Trump has managed to turn geopolitics into a farce, but back home we are doing something arguably more British, which is having a mild constitutional crisis over marmalade.
Not the price of energy, not housing, not whether we are drifting into a trade cul de sac. Marmalade. A jar of orange preserve has somehow been promoted to the front line of national sovereignty, as if Paddington is about to be stopped at Dover and asked to declare his sandwiches.
The claim, breathlessly repeated, is that "they" are renaming marmalade. That this is the thin end of the wedge. Today marmalade, tomorrow the Magna Carta, presumably by teatime.
The reality is rather less stirring. The EU has relaxed its definition so that "marmalade" can cover a wider range of fruit preserves. The horror. To cope with this outbreak of definitional flexibility, British producers may have to say "orange marmalade" or "citrus marmalade" on the label. One imagines shoppers collapsing in confusion, wandering the aisles muttering, "But what is this citrus substance?"
The slightly awkward detail, which has been quietly left in the airing cupboard, is that we did this in the first place. In the 1970s, Britain insisted that marmalade should mean citrus only. We drew a line in the sugary sand and told Europe, quite firmly, that marmalade was not to be trifled with. It was one of those moments of national clarity, up there with decimalisation and flared trousers.

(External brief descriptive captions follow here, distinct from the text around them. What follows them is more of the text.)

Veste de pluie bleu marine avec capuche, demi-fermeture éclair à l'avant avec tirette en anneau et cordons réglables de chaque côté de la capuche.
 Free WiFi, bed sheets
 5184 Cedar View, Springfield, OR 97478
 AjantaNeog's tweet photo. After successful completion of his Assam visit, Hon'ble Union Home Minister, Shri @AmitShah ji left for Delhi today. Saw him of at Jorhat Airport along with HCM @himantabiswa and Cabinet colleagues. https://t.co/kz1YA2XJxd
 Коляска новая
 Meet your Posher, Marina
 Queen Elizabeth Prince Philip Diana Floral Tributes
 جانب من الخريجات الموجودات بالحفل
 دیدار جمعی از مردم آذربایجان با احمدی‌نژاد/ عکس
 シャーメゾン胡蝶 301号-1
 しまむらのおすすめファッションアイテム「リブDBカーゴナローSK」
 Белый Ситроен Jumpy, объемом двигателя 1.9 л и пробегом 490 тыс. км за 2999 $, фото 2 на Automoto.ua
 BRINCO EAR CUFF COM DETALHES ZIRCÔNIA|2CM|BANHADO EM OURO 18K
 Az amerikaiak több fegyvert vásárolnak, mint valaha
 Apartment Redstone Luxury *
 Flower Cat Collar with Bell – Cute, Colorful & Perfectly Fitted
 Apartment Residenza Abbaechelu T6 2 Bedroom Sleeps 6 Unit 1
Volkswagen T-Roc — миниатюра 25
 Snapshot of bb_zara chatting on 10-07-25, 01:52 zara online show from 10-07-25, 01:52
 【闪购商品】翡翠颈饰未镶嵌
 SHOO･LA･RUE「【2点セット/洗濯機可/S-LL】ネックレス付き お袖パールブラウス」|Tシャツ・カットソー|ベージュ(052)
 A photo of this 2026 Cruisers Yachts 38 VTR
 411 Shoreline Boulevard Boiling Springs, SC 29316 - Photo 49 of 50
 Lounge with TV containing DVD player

And just to make it all a bit more absurd, the word itself is not even British. "Marmalade" comes from the Portuguese marmelada, a quince paste made from marmelo - quince. In other words, the original marmalade was not orange at all, but a sort of firm quince jelly eaten in slices. We imported the word, changed the meaning, enforced it on Europe, and are now affronted that Europe has stopped following our instructions quite so obediently.
And yet the reaction has been predictably operatic. You can almost hear the violins as commentators speak of heritage, tradition, and the quiet dignity of the breakfast table, as though a jar of marmalade were the last line of defence against continental chaos.
Meanwhile, in the real world, most jars already say "Seville orange marmalade", because producers quite like telling you what is in them. This has not, to date, triggered social collapse.
What makes this oddly revealing is how neatly it fits the pattern. A small, technical adjustment becomes a cultural grievance. A labelling tweak is inflated into an existential threat. And the fact that we wrote the original rule ourselves is treated as an inconvenient footnote, rather than the entire story.
It is a bit like insisting your classic car must only ever run on a particular grade of fuel, arguing about it for decades, and then becoming furious when the rest of the garage shrugs and says, "Fine, use what you like."
So here we are. A country that once ran a global empire now reduced to arguing about the wording on a breakfast spread we defined ourselves half a century ago.
Still, I suppose it is progress of a sort. At least this time, the argument is unlikely to end in a referendum. Or, more worryingly, it might.